Frieze Art Fair in America: Armory fights British invasion

imageFrieze Week stands a good chance of replacing the Armory Show as America’s biggest art fair when it arrives in New York. Colin Gleadell reports.

Which is the greatest contemporary art fair in America? Is it the Armory Show, the biggest home-grown fair in New York? Is it Art Basel/Miami Beach, the American off-shoot of Europe’s mighty Art Basel, which launched in Florida in 2002? Or will it be Frieze, the London fair, now 10 years old and another foreign brand? Frieze’s announcement that it will launch its first New York edition in May has been sending shivers down the backbones of its competitors.

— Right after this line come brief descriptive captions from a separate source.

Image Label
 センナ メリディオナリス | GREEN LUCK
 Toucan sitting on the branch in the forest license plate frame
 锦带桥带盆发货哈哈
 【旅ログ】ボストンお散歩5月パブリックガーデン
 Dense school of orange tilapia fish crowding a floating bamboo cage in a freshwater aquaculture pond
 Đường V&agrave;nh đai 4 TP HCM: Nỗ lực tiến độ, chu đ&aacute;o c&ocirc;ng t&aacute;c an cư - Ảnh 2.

The question arises because next week is Armory Arts Week in New York – a week, like Frieze Week in London, jam-packed with art fairs, auctions and exhibitions. According to its own literature, the Armory Show “is America’s leading fine art fair devoted to the fine art of the 20th and 21st centuries”. But in reality it is struggling.

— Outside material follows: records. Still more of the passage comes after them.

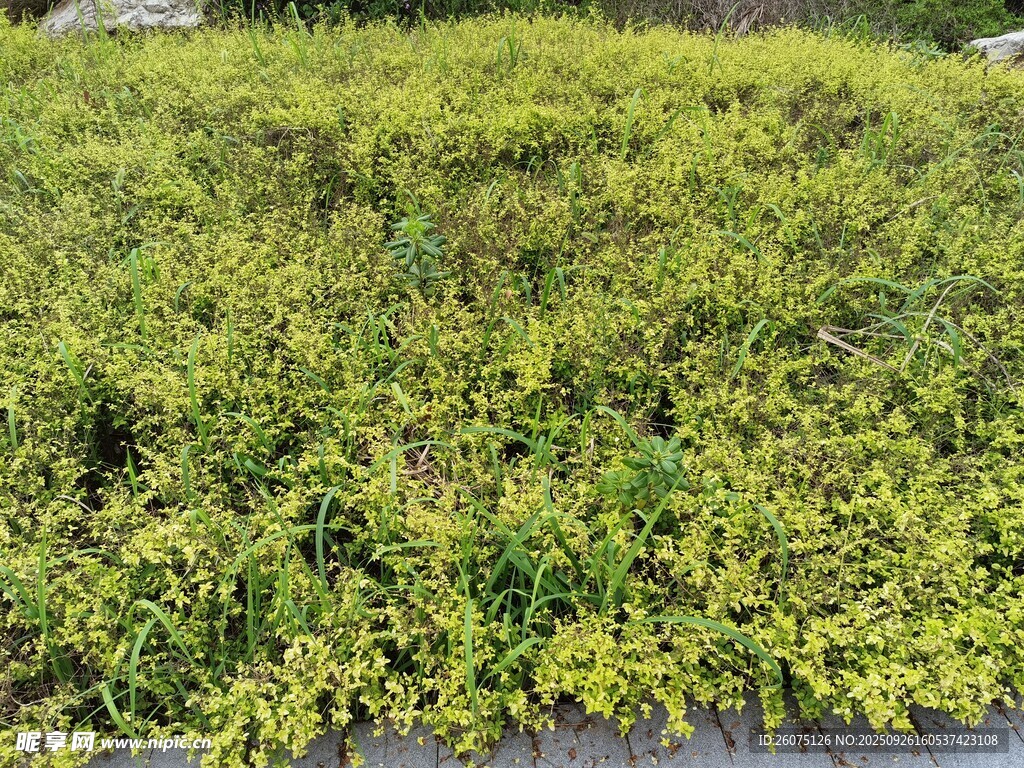 翠绿繁茂的地面植物景观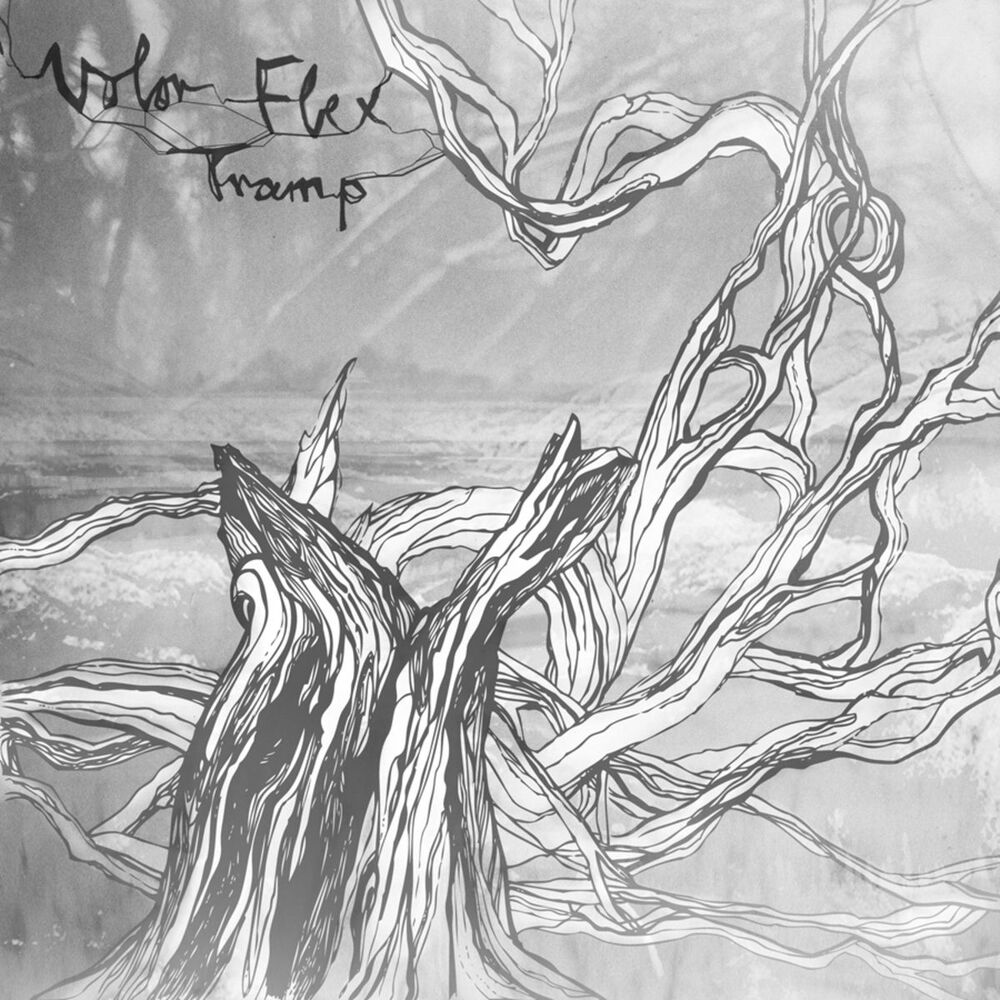 Picture of Tramp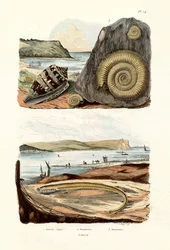 Amiral Cone, 1833-39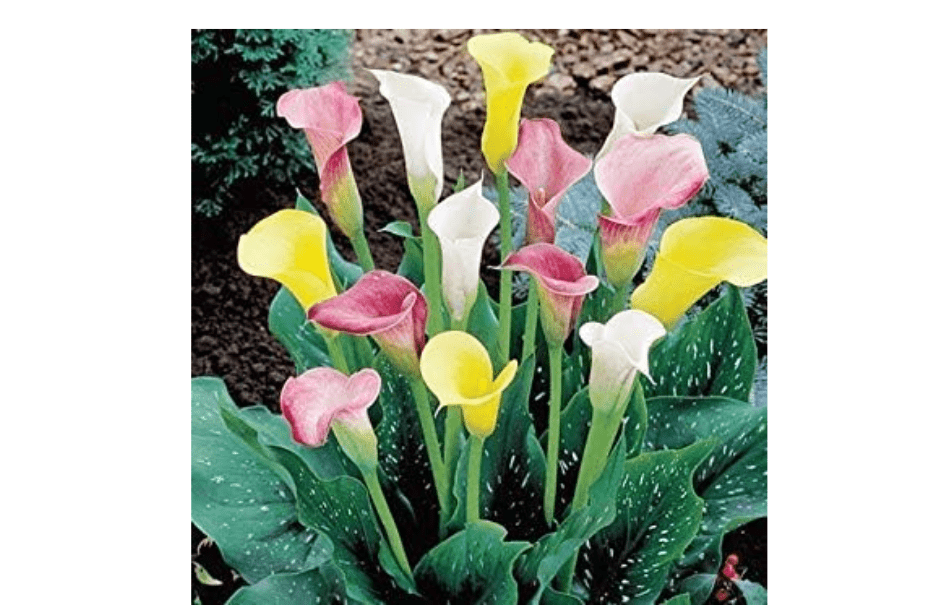  Calla Lily Mixture (3 bulb) Ideal for Pots and Planters, Cut Flowers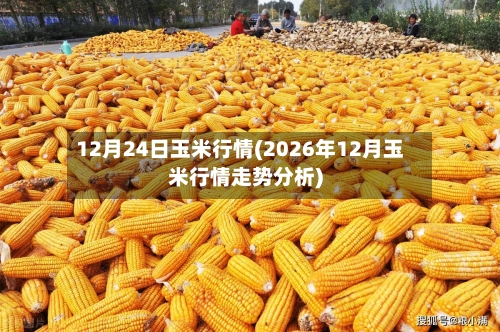 12月24日玉米行情(2026年12月玉米行情走势分析)-第2张图片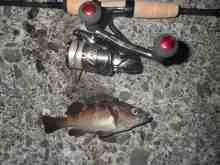 �������Ĳ̤��������-����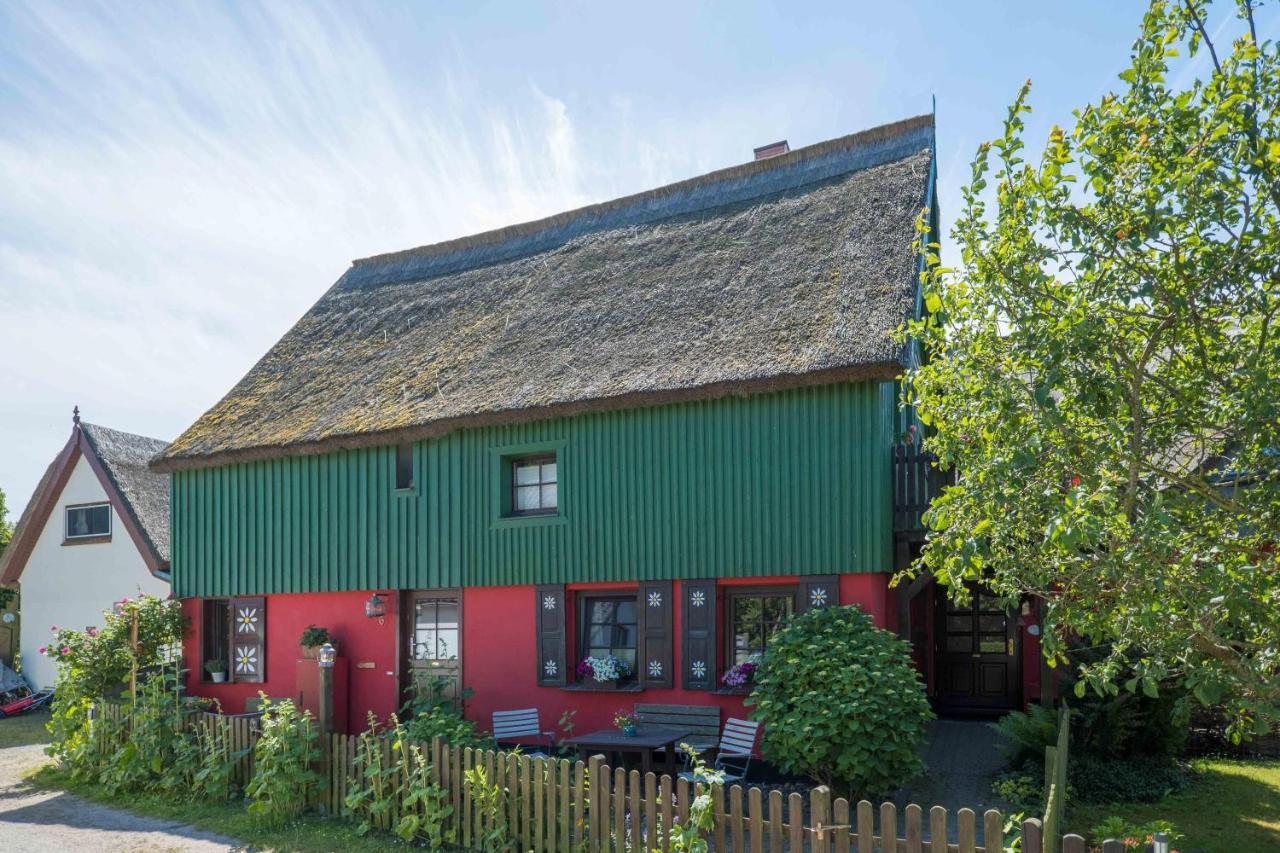 Toepferweg 06 Ferienwohnung Tine Ahrenshoop Exteriér fotografie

The Armory Show began life in the bedrooms of New York’s Gramercy Park Hotel in 1994, run by four art dealers. Its hip, innovative style caught on, and so, in 1999, it moved to the large, historic 69th Regiment Armory building where, in 1913, America had its first modern art show. Outgrowing even that, it moved to two piers on the Hudson River on New York’s West Side, big enough last year to host over 270 galleries.

Much of the fair’s growth has been under the direction of the commercial property management firm Merchandise Mart Properties (MMP), which specialises in showroom buildings and trade show facilities and which bought the Armory Show in 2007. But has bigger meant better?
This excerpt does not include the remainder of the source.